Method calls on a DOM interface cause the data page to be obtained (and loaded into memory, if necessary), after which we decode the requested information through a sequence of bit operations. The traditional "fields" of an XML element like children, node name, etc. are never cached. This allows us to keep the memory footprint of a Java application minimal - only DOM nodes directly referenced by a user program are actually kept in memory.

shows the Java code retrieving the first child of a DOM element node, pretty printed and simplified from the original, generated version. The actual code is guarded by a method that checks permissions and whether the current transaction is open or interrupted.

The code then retrieves the byte array holding the data of the page where the node is stored. This might trigger the page to be swapped in if needed. The code then determines the start and end offsets of this node within the data page. If the node is marked as a forwarding object, the code will retrieve the actual data page and update start and end offsets (not shown).

In the series of if statements afterwards, we check the bit fields in the first byte of the element header, referenced by a[start]. The first comparison checks the third bit ("First Child null?") and returns null if true, the second comparison checks if "First Child Next?". In that case, the diff (offset of the first child node relative to this node) is one — it is the next node on this page. Otherwise, we have to actually read the node reference, by first finding it in the storage and putting the position in the variable fs.

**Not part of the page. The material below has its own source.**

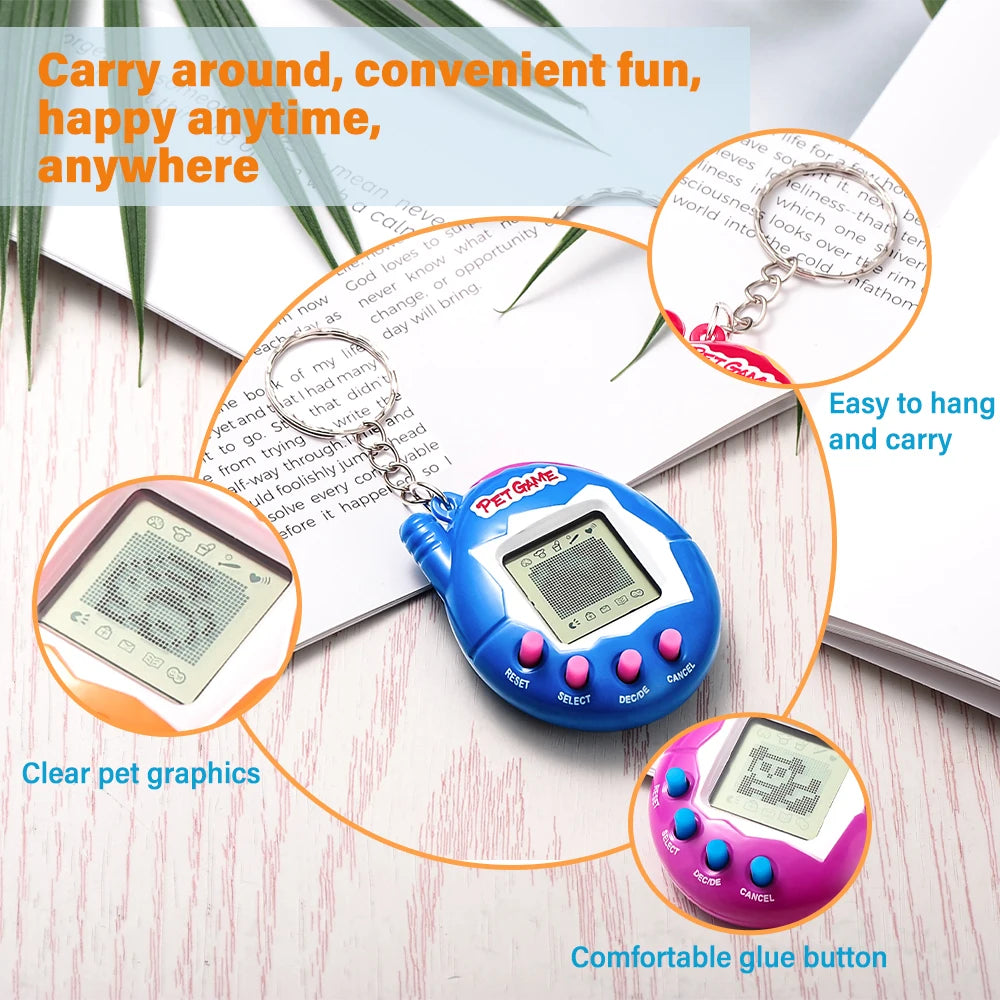 1PC Transparent Electronic Pets Nostalgic 168 Pets In One Virtual Cyber Digital Nostalgic Funny Toys Pixel Funny Play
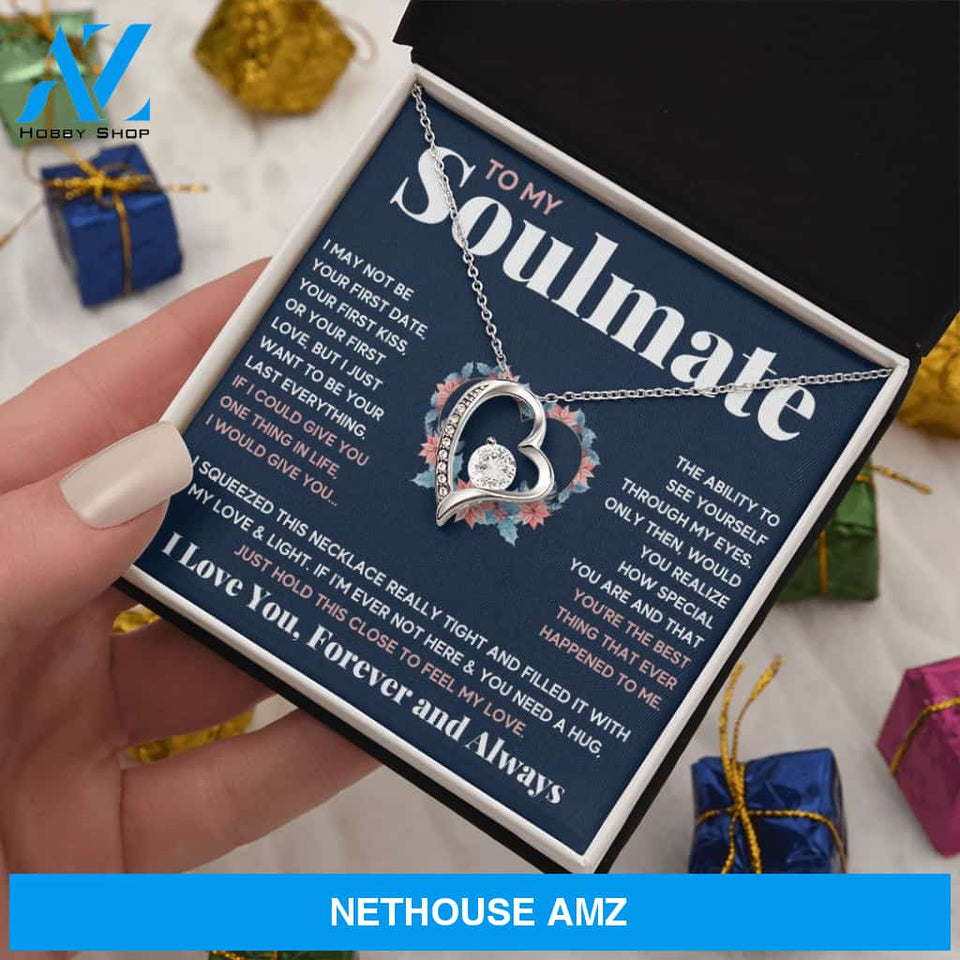 soulmate necklace for women wedding anniversary gifts for wife birthday presents for the wife christmas gifts for wife love gifts jewerly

First we add two to skip the element header (two bytes). Because we don't know the length of the first reference (the parent), we then read the long, and skip as many bytes as it consumes in storage (packedLongLen()). The next two references are optional, so we check whether they are present using bit comparisons again, and skip ahead if they are present. Afterwards we read the actual difference, convert the transformed relative difference back, and add it to our current node identifier (getPageAndSlot() in the code), retrieve a page object and compute the slot from the number. The call to DomNode.newDomNode() will inspect the type field of the referenced object and return a new instance of the appropriate subclass, pointing to the new node ID.

Figure 4: Retrieving the first child of an element (Java)

DomNode getFirstChildRef() {
  Page slotpage = getPage();
  byte[] a = slotpage.getDataReadOnly();
  int slot = getSlot();
  int offset = getOffset(a, slot);
  int start = Page.unpack2(a, offset);
  int end = Page.unpack2(a, offset - 2);
  if (a[start] <= FORWARD_OBJECT) {
    // handle forwarded objects by updating a, start, and end
  }

  long diff;
  if ((a[start] & 1 << 3) != 0) {
    return null;
  } else if ((a[start] & 1 << 2) != 0) {
    diff = 1L;
  } else {
    int fs = start;
    fs += 2;
    fs += packedLongLen(a, fs);
    if ((a[start + 1] & 1 << 7) == 0)
      fs += packedLongLen(a, fs);
    if ((a[start + 1] & 1 << 6) == 0)
      fs += packedLongLen(a, fs);

    assert fs < end;
    diff = getRelDiff(unpackLong(a, fs));
  }
  long id = getPageAndSlot() + diff;
  Page idpage = getPageFromPS(id);
  int idslot = getSlotFromPS(id);

  return DomNode.newDomNode(idpage, idslot);
}

Because we don't reference or cache constructed child objects, in xDB's DOM implementation one logical node might be represented by many different Java object instances. This is in line with the W3C DOM specification that requires users to compare nodes for identity using the function isSameNode(), but sometimes surprising to programmers that expect a simple equality comparison (node1 == node2) to be sufficient. Modifications to logical nodes are immediately reflected by all Java DOM node instances, because they are reflected in the underlying byte arrays.

The amount of work needed for something as simple as retrieving the first child of an element might seem staggering, but the time these bit shift operations take is quite small in practice, as we will show in section “Performance Comparisons”.

On Disk Layout Example

Figure 5 shows a simple example document, and the binary representation of the first two elements on disk in the canonical hex formatting. The bytes surrounding the two elements are blanked out as they are of no interest.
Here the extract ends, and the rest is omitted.